Peguei um ônibus na estação Santa Maria Novella que me deixou no aeroporto de Pisa, e de lá, eu peguei um vôo para Munique e depois um para Nürnberg.
Os vôos não foram os mais tranquilos, atrasaram um pouco e tiveram bastante turbulência, e eu acabei ficando com uma dorzinha de cabeça por causa do medo/nervoso.

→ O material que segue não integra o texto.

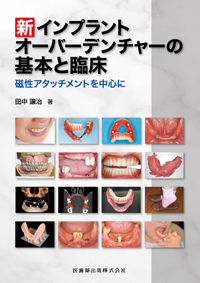 ★裁断済 新 インプラント オーバーデンチャーの基本と臨床 シエン社 | 新インプラントオーバーデンチャーの基本と臨床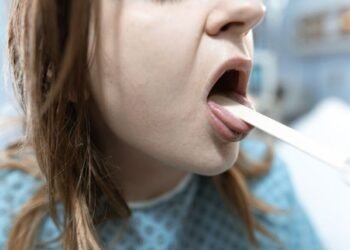 Bumps on the Back of My Tongue What They Mean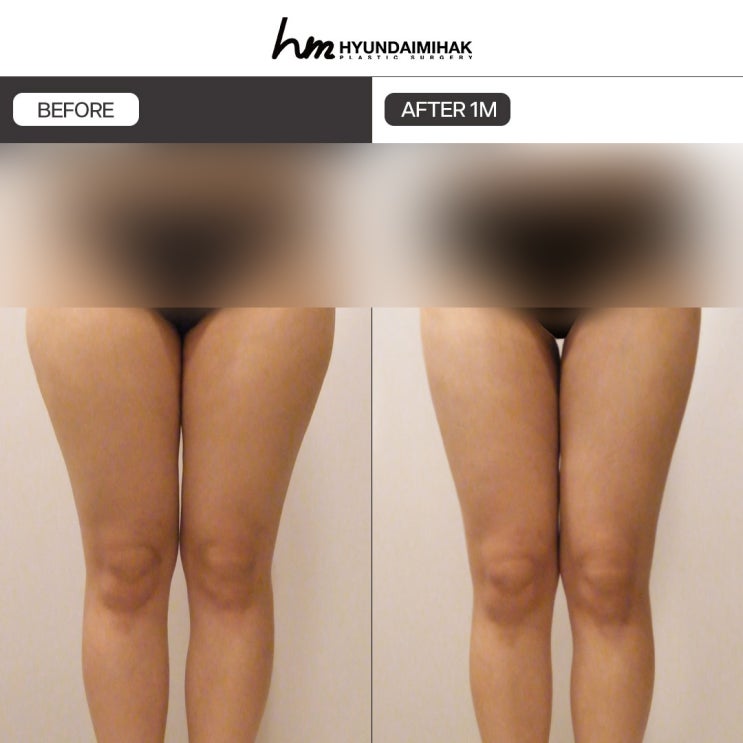 하체지방흡입 자신감이 달라지는 해결책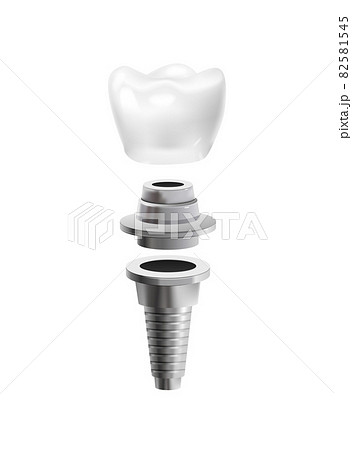 Dental Post Icon 82581545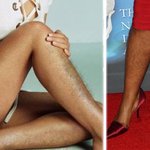 [10대의성] 털순이가 <b>제모</b>방법 알려줌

Agora, abre parêntese: Eu adoro carimbos no passaporte. A Angie disse que de trem ninguém recebe carimbo, por isso que fiquei ainda mais feliz por pegar avião, porque quando eu chegasse em Munique teria meu passaporte carimbado, né? Quando cheguei em Roma carimbaram, então… Era obvio que eu ganharia um carimbinho. Fecha parêntese.
Chegamos em Munique atrasados e todo mundo saiu correndo pra embarcar para Nürnberg, faltava meia hora pra fechar o portão. Eu era uma das primeiras da fila, conferi passaporte, passagens… Passaporte! Ele estava comigo mas ninguém tinha carimbado, e agora? Eu teria problemas para sair do aeroporto de Nürnberg sem um carimbo? Subi as escadas e voltei para a entrada do portão. A moça me olhou meio sem entender e eu perguntei pra ela se eu não precisava carimbar o passaporte, tirei ele do bolso e mostrei pra ela ver que eu não era européia, logo, na minha cabeça, eu precisava de um carimbo. EU QUERIA UM CARIMBO!
No, it’s ok, you are in Europe. Europe is free!” Certo. Se você está indo de qualquer país da União Européia para outro país da União Europeia… Você.não.recebe.carimbo. Eu sabia que a Europa era livre, mas eu pensei que um cidadão não-europeu vindo de qualquer parte do mundo precisava mostrar o passaporte e receber o carimbo mesmo assim, mesmo se estivesse viajando entre países europeus.
Fiquei um pouco decepcionada, estava esperando um carimbinho pra colorir o passaporte :(

ENFIM… Cheguei em Nürnberg no final da tarde, a Angie e a mãe dela estavam esperando por mim na porta da sala de desembarque. Nos abraçamos e pegamos o carro em direção à Puschendorf, cidadezinha onde os pais dela moram, uma meia hora de distância dali. No caminho vi muitos campos e conforme nos aproximávamos pude ver várias wood houses e casinhas super charmosas com telhado pontudo, sem portão e com jardins enfeitados para a páscoa. Eu estava me apaixonando aos poucos, eram coisas que eu só tinha visto pelo computador, o tipo de imagem que você encontra só no Tumblr.  IMG_2316_2
Depois de conhecer o pai dela, colocar as coisas no meu quarto temporário (era um quarto super confortável enorme no porão, com uma janela que dava pra ver o jardim lá em cima) eu e a Angie saímos para dar uma volta pelo bairro. Tentamos sair três vezes: Na primeira, chegando no final da rua eu já tinha congelado, pedi para voltamos e coloquei todas as segundas peles que eu levei. Na segunda vez, ao sairmos de casa começou uma tempestade de neve que não era bem neve porque eram flocos um pouco grossos de gelo. Eu amei, pirei, surtei óbvio! Ficamos lá fora por um tempo (para satisfazer essa criança feliz que vos escreve), só que ficou mais forte e resolvemos entrar. Nesse meio tempo chegou a irmã mais velha da Angie, a Susi. Uns três minutos depois essa “tempestade” parou e finalmente conseguimos sair.
O tempo inteiro eu pensava que estava andando em um condomínio fechado. É tudo muito quieto, limpo e extremamente lindo! Fui muito turista e tirei foto das casas. Lembro que fiquei muito surpresa quando encontramos um banco que tinha formato de casa e em cima dele moravam pessoas! Só dá pra entender com a foto:

Isso é um agência bancária com uma residência em cima!
Isso é um agência bancária com uma residência em cima!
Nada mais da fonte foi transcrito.